**Problem:**
Leave out all pictures. Extract exactly the lines from the one containing "SUITE 1: master" through the end of the data.

Start of Records supplied

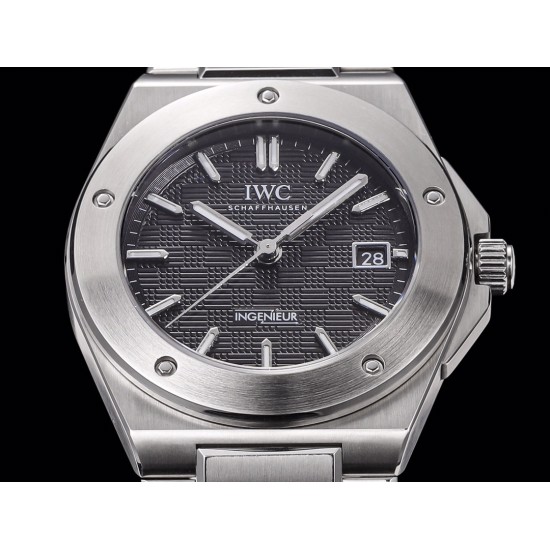 IWC-Ingeniuer Automatic 40mm SS/SS Patterned Black Dial GHF A9015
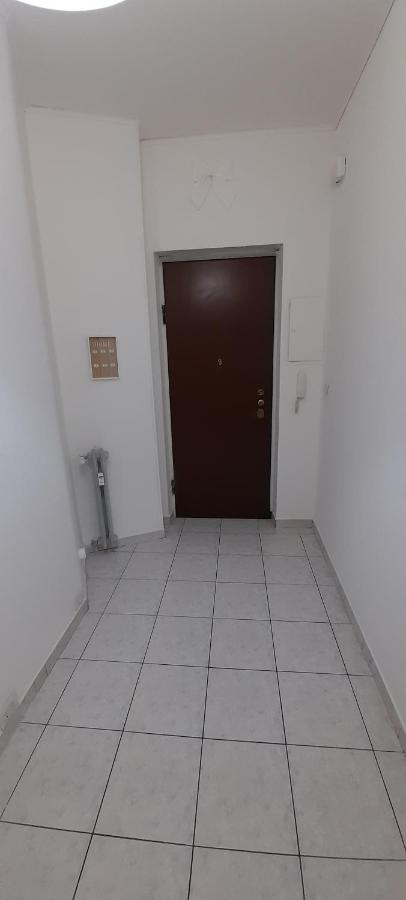 Bellissimo Alloggio Vicino Alla Metro Bengasi,Lino House Torino Eksteriør billede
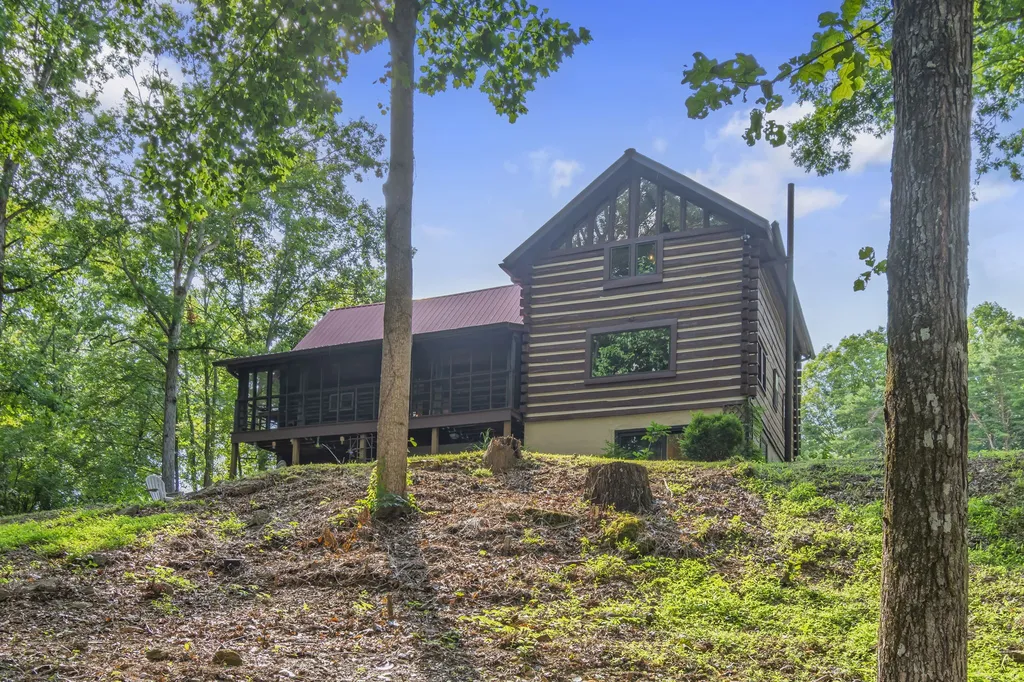 3608 Sams Creek Road Pegram TN 37143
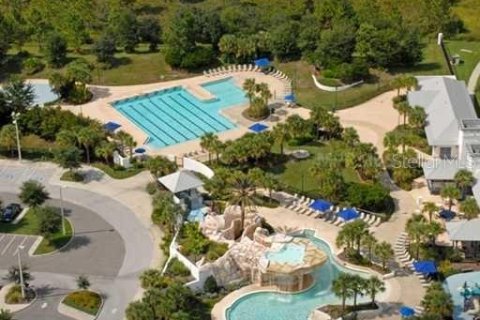 Townhouse in Fish Hawk, Florida 2 bedrooms, 115.94 sq.m. № 2237221 - photo 14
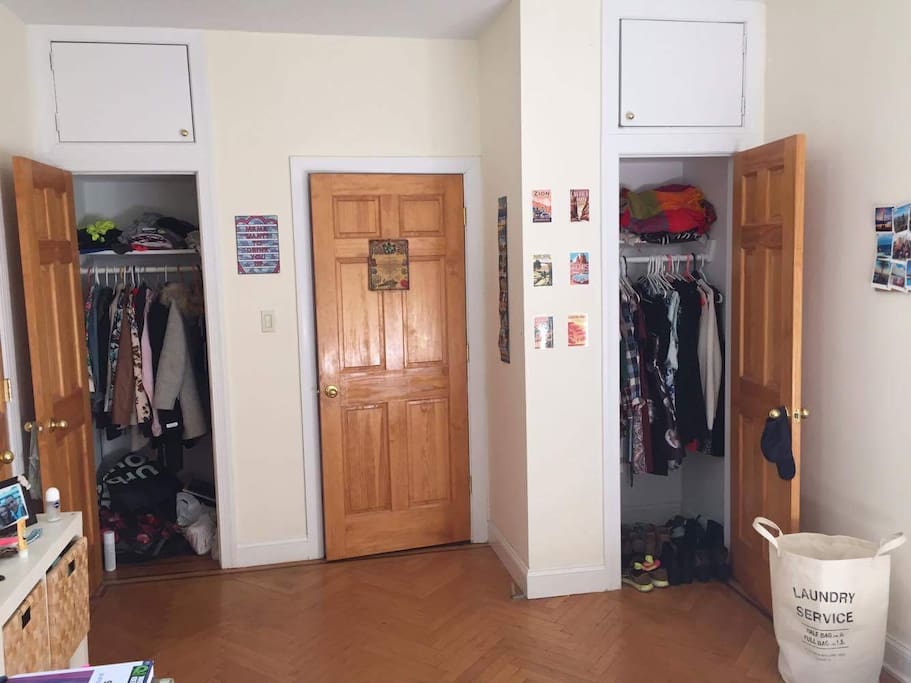SUITE 1: master bedroom, queen size bed, bathroom, desk, closet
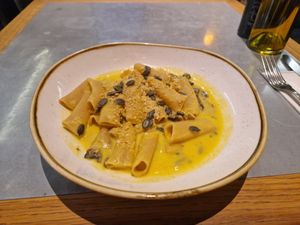 Whole penne a la carbonara di zuca at Teresa Carles Cocina Vegetariana in Barcelona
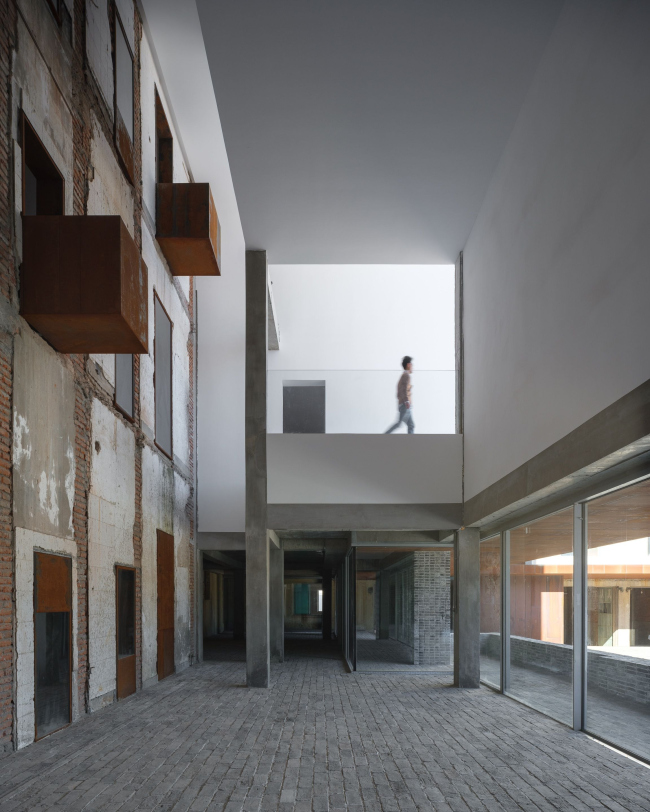 Культурный центр The Yard Культурный центр The Yard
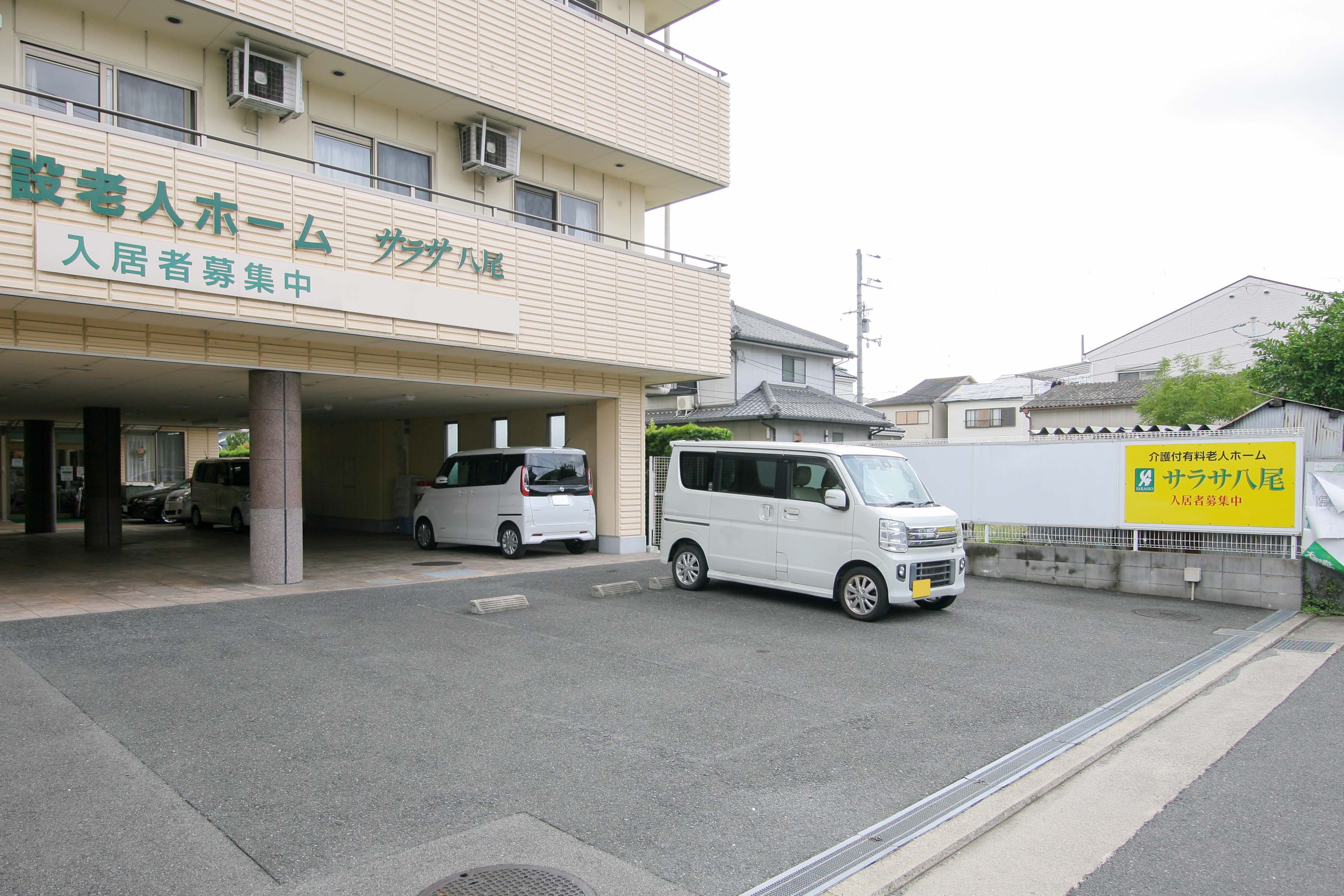 サラサ八尾の玄関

End of Records supplied

**Solution for this problem:**
SUITE 1: master bedroom, queen size bed, bathroom, desk, closet
 Whole penne a la carbonara di zuca at Teresa Carles Cocina Vegetariana in Barcelona
 Культурный центр The Yard Культурный центр The Yard
 サラサ八尾の玄関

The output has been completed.